**Goal of the exercise:**
The data that follows is to be copied exactly, with each image removed.

**Supplied material:**
◆ ◆ ◆ ◆

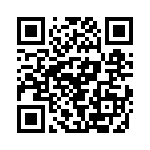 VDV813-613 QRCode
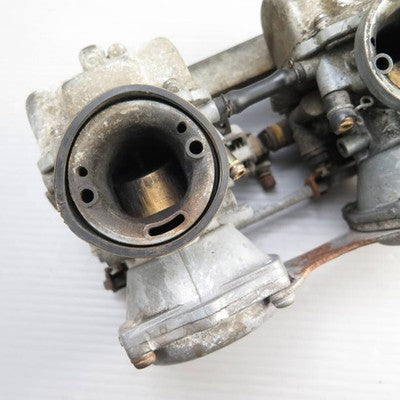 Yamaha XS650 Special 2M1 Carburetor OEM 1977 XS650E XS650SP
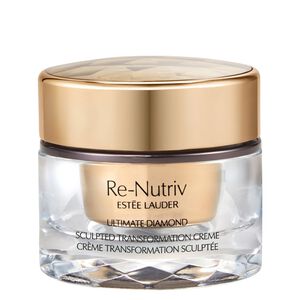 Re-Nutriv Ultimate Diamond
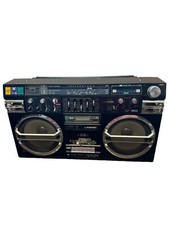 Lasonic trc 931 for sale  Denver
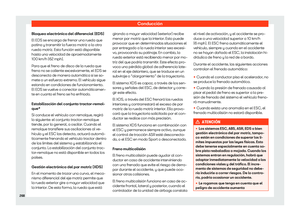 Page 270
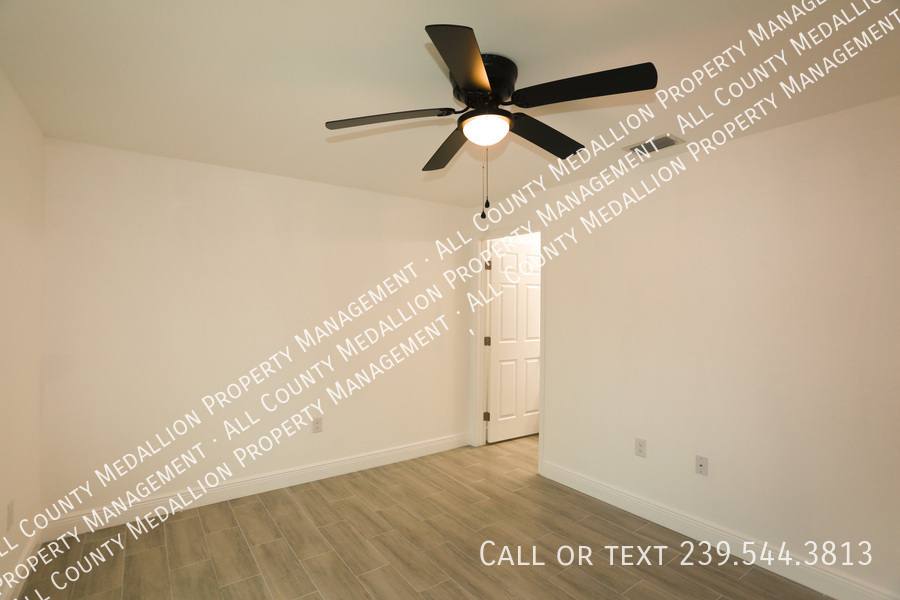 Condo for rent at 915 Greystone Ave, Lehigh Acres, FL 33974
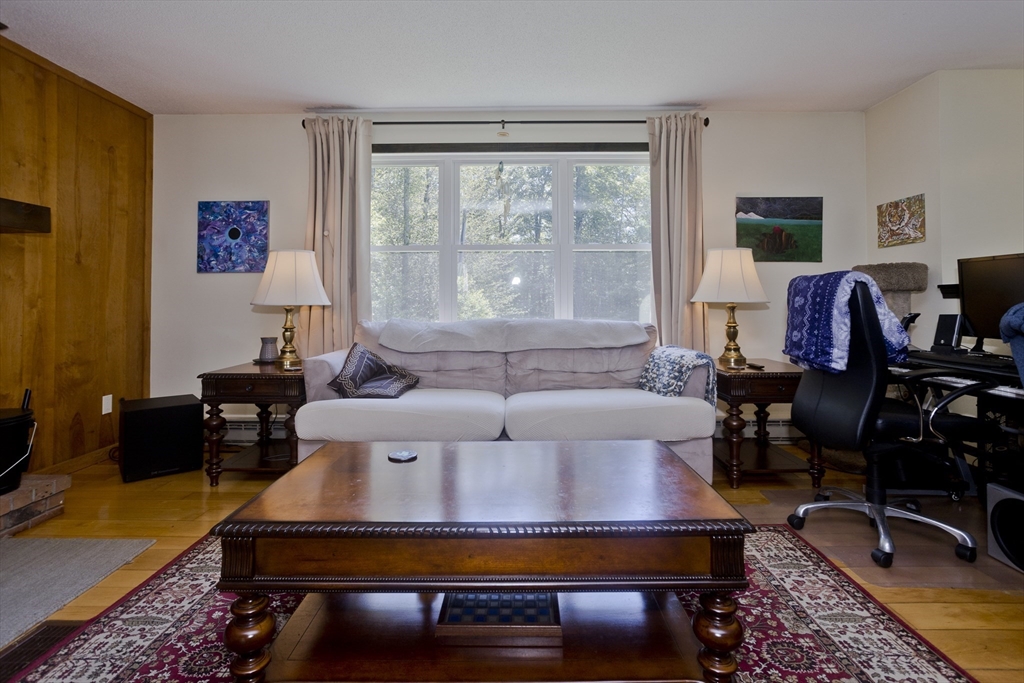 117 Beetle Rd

◆ ◆ ◆ ◆

**Solution for this exercise:**
 VDV813-613 QRCode
 Yamaha XS650 Special 2M1 Carburetor OEM 1977 XS650E XS650SP
 Re-Nutriv Ultimate Diamond
 Lasonic trc 931 for sale  Denver
 Page 270
 Condo for rent at 915 Greystone Ave, Lehigh Acres, FL 33974
 117 Beetle Rd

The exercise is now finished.